BCG immunotherapy for bladder cancer triggers systemic and local BCG-specific CD4(+) Th1 responses.

High-risk non-muscle-invasive bladder cancer (NMIBC) is treated with intravesical instillations of Bacillus Calmette-Guérin (BCG), which trigger a local immune response. Improved patient outcomes have been linked to the recruitment of CD4(+) T helper type 1 (Th1) cells to the bladder. However, specific antigens recognized by the bladder-infiltrating T cells remain largely unknown. In this study, we followed thirty-two patients with NMIBC undergoing BCG immunotherapy.

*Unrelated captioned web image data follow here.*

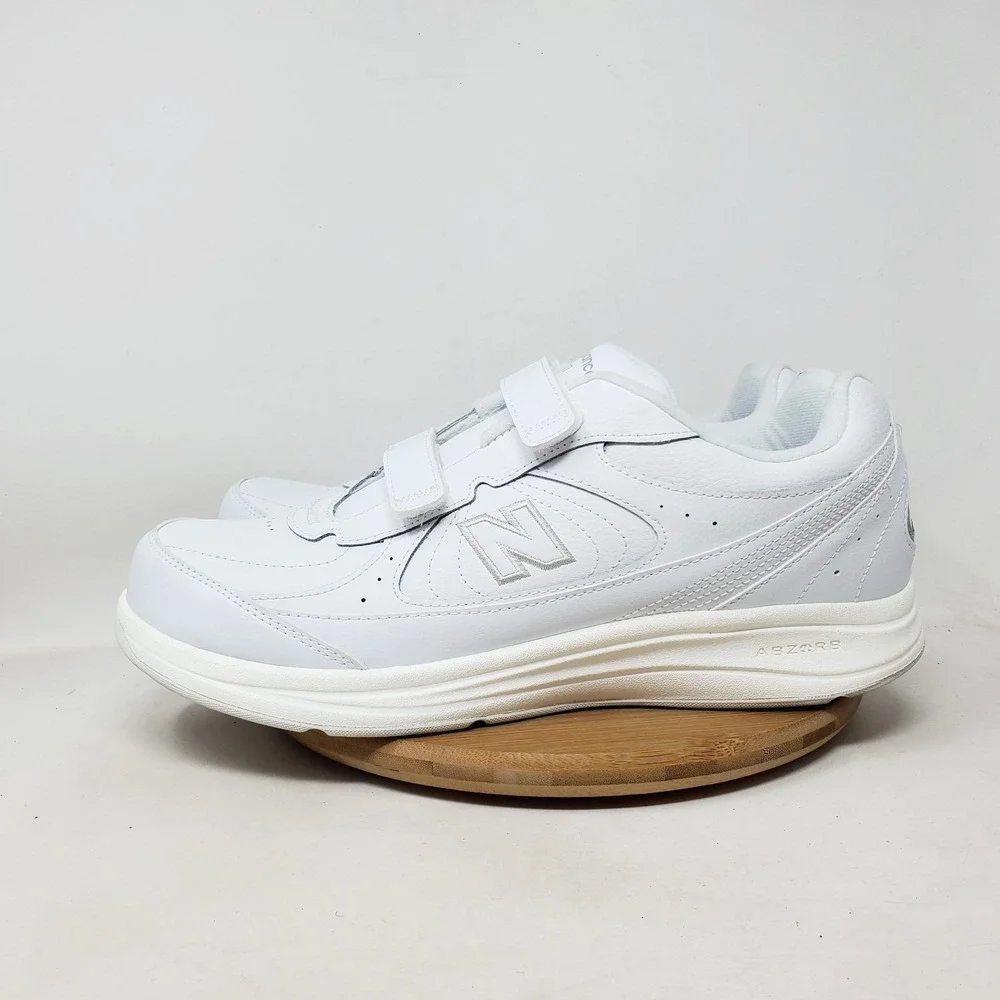 New Balance 577 Shoes Mens 11.5 2E WIDE White Classic Straps Comfort Sneaker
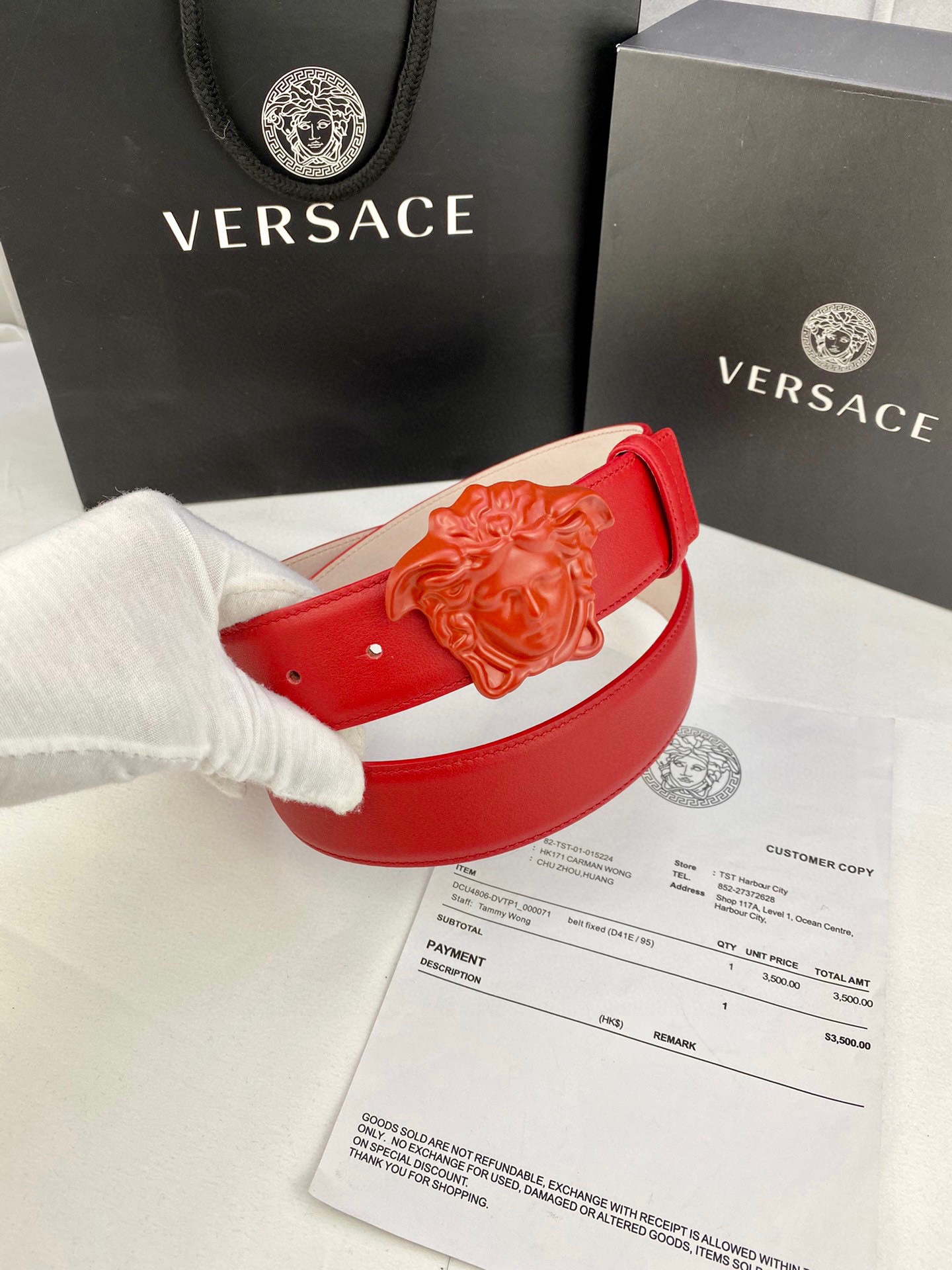 宽度4.0cm VERSACE （范思哲）此款柔软的皮带饰彩色3D美杜莎腰带扣，可搭配正装或休闲牛仔装。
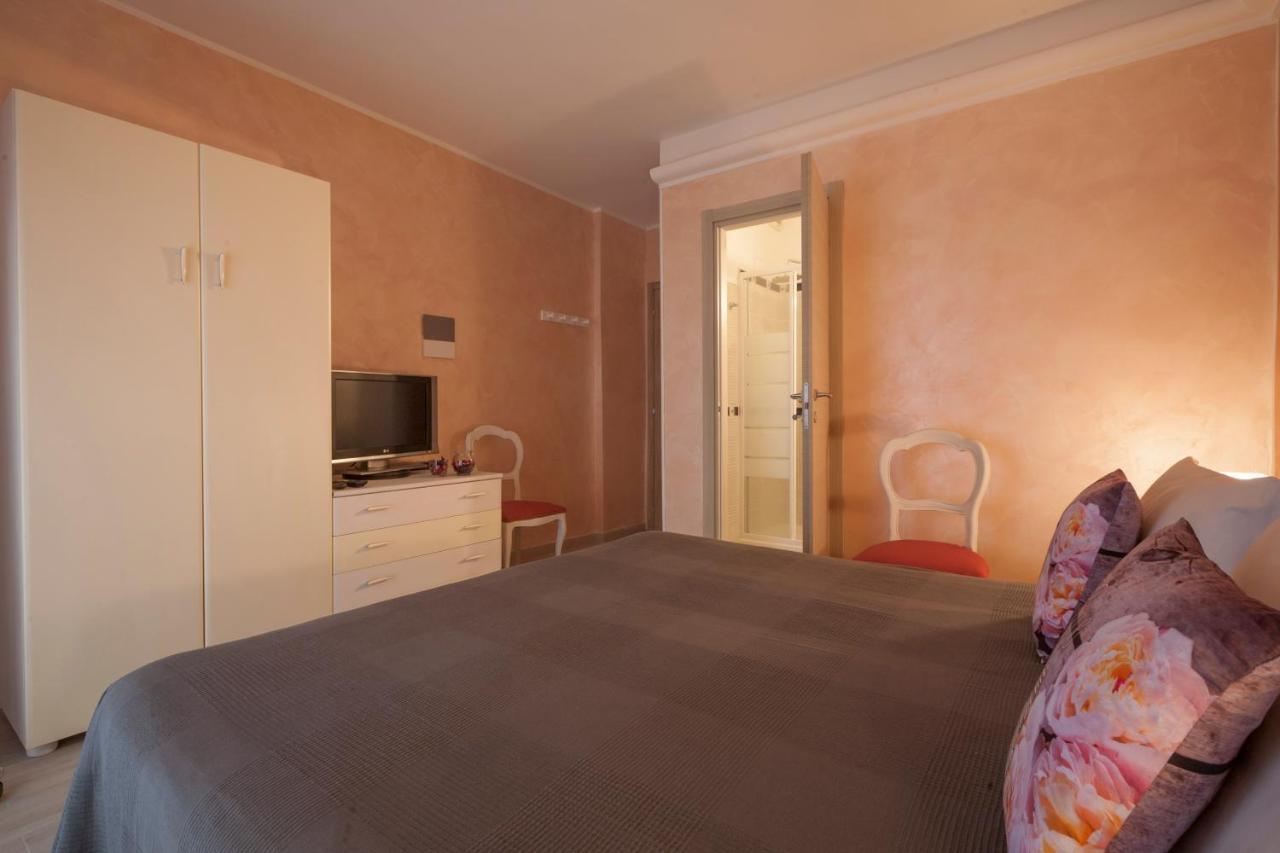 Ela Guest House Rom Eksteriør billede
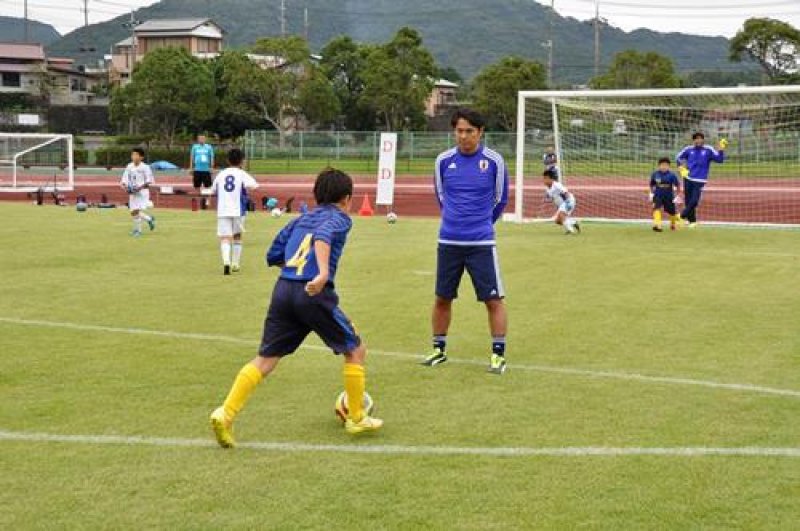 元スター選手が技術指導　児童ら「世界で戦いたい」　鴨川でサッカー教室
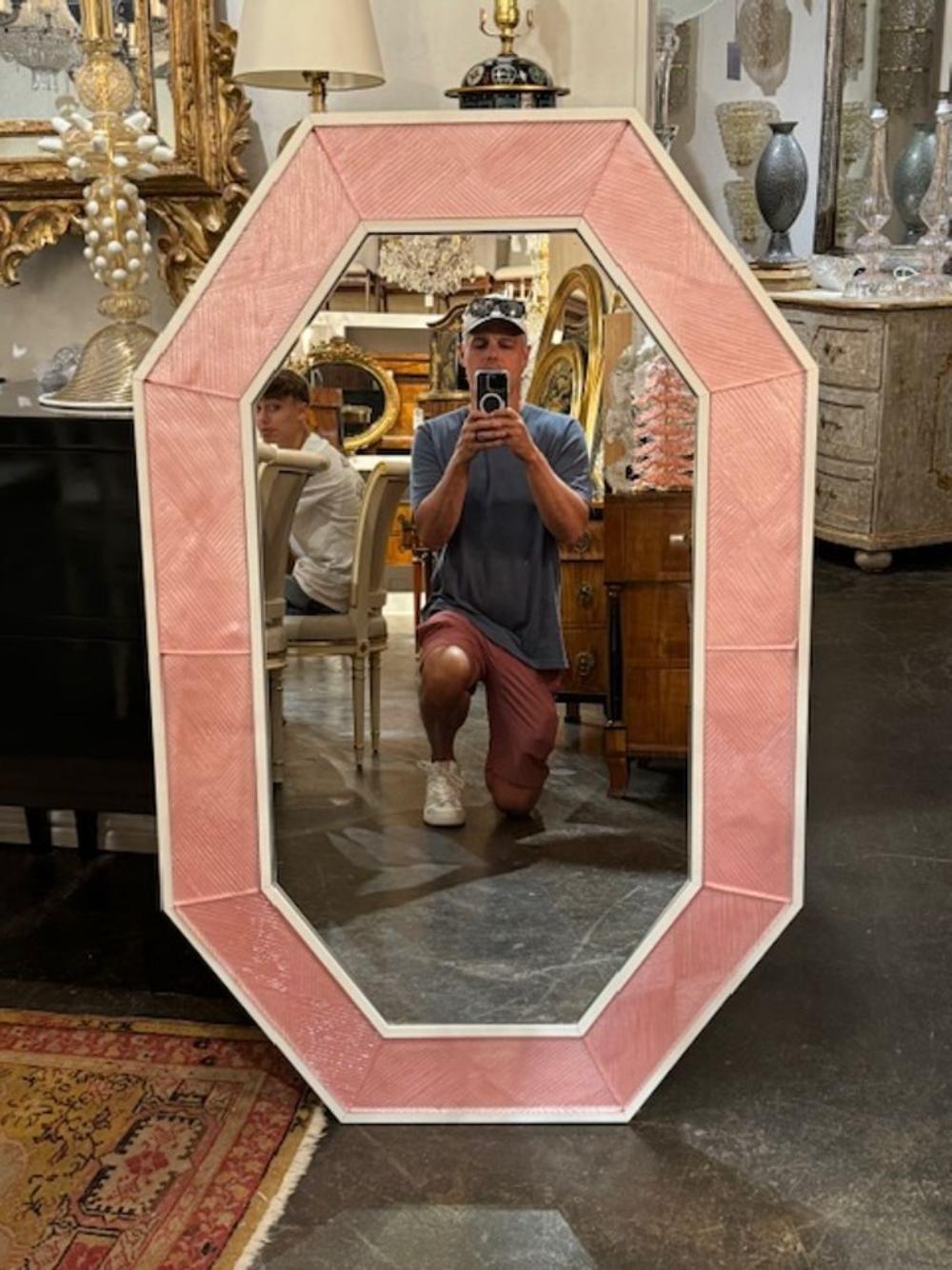 Magnifique miroir de forme octogonale en verre rose de Murano dans un cadre en bois. Ajoute une véritable touche de design. C'est si joli !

Longitudinal blood and urine samples were collected to investigate the dynamics and characteristics of BCG-specific T cells. We detected pre-existing BCG-specific CD4(+) T cells in most BCG therapy-naive patients before treatment induction. BCG immunotherapy increased the frequency and memory differentiation of circulating BCG-specific CD4(+) T cells, which displayed a polyfunctional Th1 phenotype. Importantly, we provide evidence that BCG-specific CD4(+) Th1 cells can be detected in urine during therapy, suggesting their recruitment to the bladder. This study provides novel biological insights into the cellular mechanisms of BCG-induced immunity in bladder cancer.